É completamente desnecessária e desaconselhada, porque
são pontes com custos de manutenção extremamente elevados, são para ser
utilizadas em zonas que assim exigem que não é o caso. Poderia fazer-se uma
ponte normal, menos custosa e que exige menos com a manutenção, e é isso que
deve ser preocupação das pessoas, porque não basta a obra custar e acabou, a
obra precisa de ser mantida, conservada e observada.
E quando é podemos fazer pontes estaiadas?
Se tivemos um rio com 400 metros de leito, temos de
criar uma solução que obriga a que haja poucos pontos de apoio no terreno,
então vamos para soluções dessas, mas, se tivemos um de 90 metros, não preciso
de recorrer a estas tecnologias que são bonitas, mas, na minha opinião, são
desaconselháveis.
A recuperação dos caminhos- de-ferro é outro facto em
Angola. Também tem registado situações desaconselháveis?

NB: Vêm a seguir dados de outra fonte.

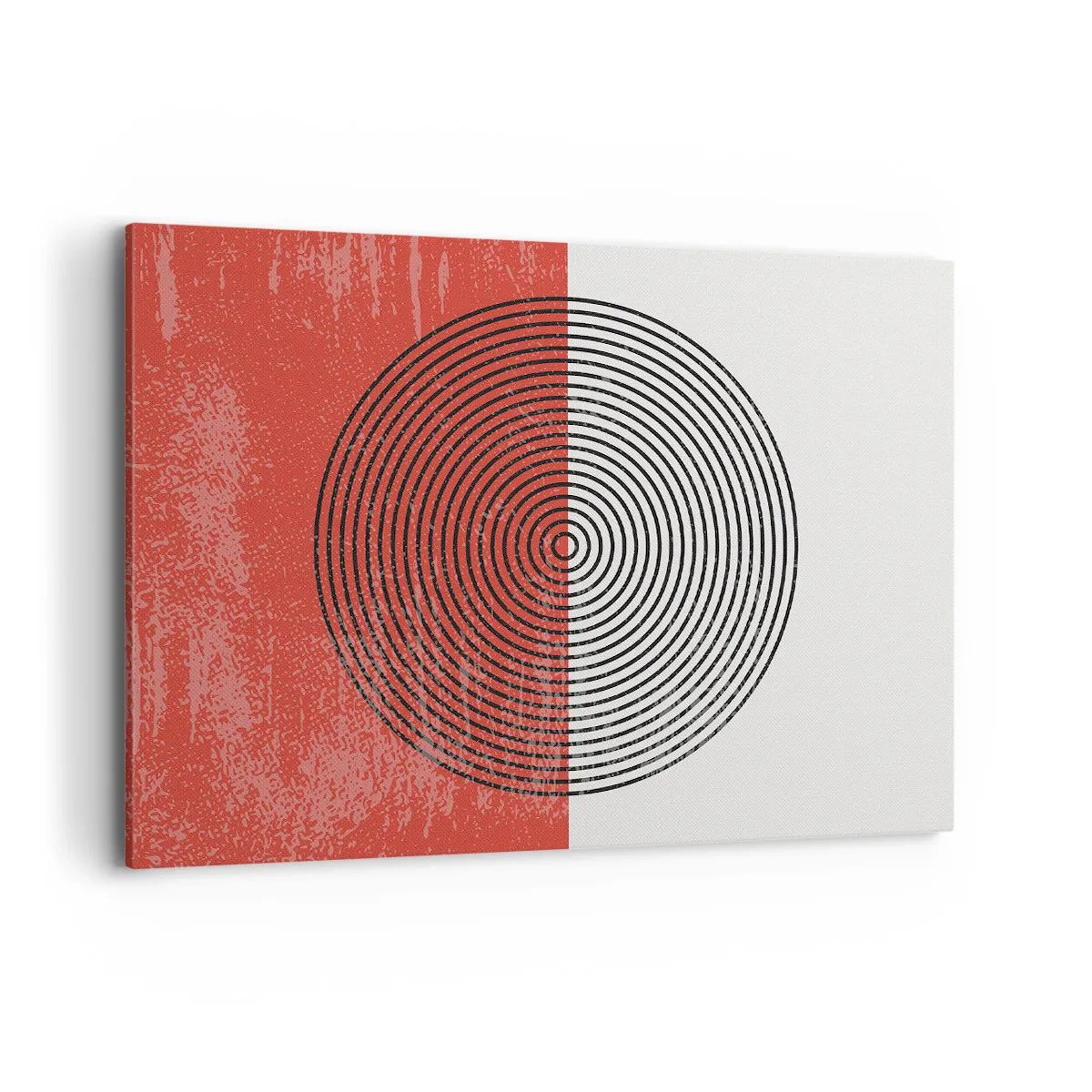 Quadro em tela - Direto ao ponto - 100x70 cm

Nos caminhos-de-ferro há também algumas coisas que, na
minha opinião, não estão feitas com a qualidade que deveria existir. Refiro-me
concretamente ao caminho- -de-ferro de Benguela, que é estratégico, é um
caminho- -de-ferro que tem uma justificação, que é o transporte do minério da
República Democrática do Congo e da Zâmbia para o porto do Lobito, mas que não
foi feito de forma a garantir a rentabilidade deste transporte, quer em termos
das pontes (tem 97 pontes desde o Lobito até ao Luau), assim como temos
limitações de cargas com vagões que não podem levar mais de 20 toneladas quando
deveriam levar, no mínimo, 22 para poder competir com os transportes de carga
das minas da Zâmbia; temos também limitações de velocidade muito grandes, e
isso onera extremamente o transporte de minérios.